Lorsque le ministère de la Justice juge qu’il n’est pas approprié d’extrader une personne[66], par exemple quand les droits de la personne de l’individu sont à risque d’être compromis suivant l’extradition, le ministère de la Justice voudra obtenir des garanties de la part de l’État partenaire[67]. La garantie la plus fréquente est celle portant sur la peine de mort. Puisque la majorité des demandes d’extradition sous soumises par les États-Unis, où la peine capitale est toujours légale dans certains États, le Canada est toujours appelé à obtenir une garantie lorsque la peine de mort représente une possibilité[68], suivant les conclusions de l’affaire Burns[69]. De toutes les garanties qu’obtient le ministère de la Justice, celle-ci « est évidemment la plus facile à contrôler, [et] il n’y a jamais eu de cas où elle n’a pas été respectée » par un partenaire du Canada[70].

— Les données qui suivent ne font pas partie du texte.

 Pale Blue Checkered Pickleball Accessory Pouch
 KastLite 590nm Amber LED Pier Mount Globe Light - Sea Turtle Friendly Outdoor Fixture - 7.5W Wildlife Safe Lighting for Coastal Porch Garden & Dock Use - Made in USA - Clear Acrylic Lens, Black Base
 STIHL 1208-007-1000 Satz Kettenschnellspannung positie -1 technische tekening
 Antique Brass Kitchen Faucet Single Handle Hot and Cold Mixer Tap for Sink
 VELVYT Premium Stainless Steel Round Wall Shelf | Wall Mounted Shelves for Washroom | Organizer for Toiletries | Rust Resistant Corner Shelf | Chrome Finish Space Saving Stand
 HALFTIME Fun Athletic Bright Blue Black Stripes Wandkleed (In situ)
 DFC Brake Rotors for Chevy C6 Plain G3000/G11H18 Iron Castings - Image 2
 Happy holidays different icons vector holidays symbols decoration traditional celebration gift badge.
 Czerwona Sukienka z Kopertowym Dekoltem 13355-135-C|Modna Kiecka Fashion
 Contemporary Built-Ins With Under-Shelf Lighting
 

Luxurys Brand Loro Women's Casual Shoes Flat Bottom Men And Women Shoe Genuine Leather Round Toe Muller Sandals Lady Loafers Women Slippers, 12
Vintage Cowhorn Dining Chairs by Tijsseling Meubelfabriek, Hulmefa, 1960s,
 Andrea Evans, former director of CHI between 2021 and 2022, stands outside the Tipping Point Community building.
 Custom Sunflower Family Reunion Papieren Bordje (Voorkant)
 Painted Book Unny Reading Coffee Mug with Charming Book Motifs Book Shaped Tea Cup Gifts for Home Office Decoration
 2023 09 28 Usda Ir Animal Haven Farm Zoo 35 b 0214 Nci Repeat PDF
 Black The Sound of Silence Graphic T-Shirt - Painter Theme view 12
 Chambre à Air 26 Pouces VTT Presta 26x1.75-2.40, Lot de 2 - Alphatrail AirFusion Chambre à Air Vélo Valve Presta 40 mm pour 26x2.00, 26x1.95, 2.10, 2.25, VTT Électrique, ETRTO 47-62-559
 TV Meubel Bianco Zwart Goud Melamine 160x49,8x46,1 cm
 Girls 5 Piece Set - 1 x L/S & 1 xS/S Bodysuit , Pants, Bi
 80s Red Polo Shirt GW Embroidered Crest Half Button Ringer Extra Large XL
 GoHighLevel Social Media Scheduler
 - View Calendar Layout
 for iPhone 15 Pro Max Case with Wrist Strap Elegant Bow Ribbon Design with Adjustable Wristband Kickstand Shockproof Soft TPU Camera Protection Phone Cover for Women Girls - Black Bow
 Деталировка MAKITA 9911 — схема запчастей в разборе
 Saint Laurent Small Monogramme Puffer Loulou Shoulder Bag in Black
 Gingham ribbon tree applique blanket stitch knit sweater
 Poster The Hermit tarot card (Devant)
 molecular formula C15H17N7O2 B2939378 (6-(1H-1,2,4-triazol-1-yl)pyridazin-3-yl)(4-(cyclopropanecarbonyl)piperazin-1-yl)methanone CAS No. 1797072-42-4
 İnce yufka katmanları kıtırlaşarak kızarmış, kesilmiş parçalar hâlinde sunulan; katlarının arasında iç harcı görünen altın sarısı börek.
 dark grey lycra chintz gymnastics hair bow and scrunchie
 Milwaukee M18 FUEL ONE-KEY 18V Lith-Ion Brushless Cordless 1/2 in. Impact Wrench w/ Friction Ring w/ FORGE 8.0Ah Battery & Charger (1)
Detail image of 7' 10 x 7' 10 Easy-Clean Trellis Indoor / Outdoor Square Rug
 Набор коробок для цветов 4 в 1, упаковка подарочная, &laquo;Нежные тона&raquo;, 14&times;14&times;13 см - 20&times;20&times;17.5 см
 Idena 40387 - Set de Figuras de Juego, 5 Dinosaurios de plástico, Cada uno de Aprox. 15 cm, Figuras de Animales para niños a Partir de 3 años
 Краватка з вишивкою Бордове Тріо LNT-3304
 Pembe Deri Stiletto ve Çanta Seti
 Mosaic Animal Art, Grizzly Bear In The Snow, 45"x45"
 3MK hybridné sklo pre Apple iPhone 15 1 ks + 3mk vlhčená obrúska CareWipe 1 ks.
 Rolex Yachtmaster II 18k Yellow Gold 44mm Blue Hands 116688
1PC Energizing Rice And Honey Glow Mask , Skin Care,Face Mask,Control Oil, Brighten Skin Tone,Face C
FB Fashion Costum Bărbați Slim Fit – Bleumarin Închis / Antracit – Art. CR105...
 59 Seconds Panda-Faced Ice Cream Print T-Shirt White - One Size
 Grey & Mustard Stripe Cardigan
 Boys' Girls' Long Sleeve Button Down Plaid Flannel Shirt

Les autres formes de garantie, telles que celles relatives aux conditions dans les établissements pénitenciers et à l’accès aux services consulaires pour les citoyens canadiens, sont beaucoup plus rares et complexes à appliquer[71]. Dans l’affaire Badesha[72], par exemple, le ministère de la Justice avait obtenu des garanties de l’Inde concernant le procès ainsi que les conditions pénitentiaires des accusés[73]. Devant le Comité, Balpreet Singh, de l’Organisation mondiale des Sikhs du Canada, a tenu à souligner que malgré ces garanties, le fait d’extrader un individu vers un pays qui n’a pas signé la Convention contre la torture devrait peser énormément sur la conscience des Canadiens[74].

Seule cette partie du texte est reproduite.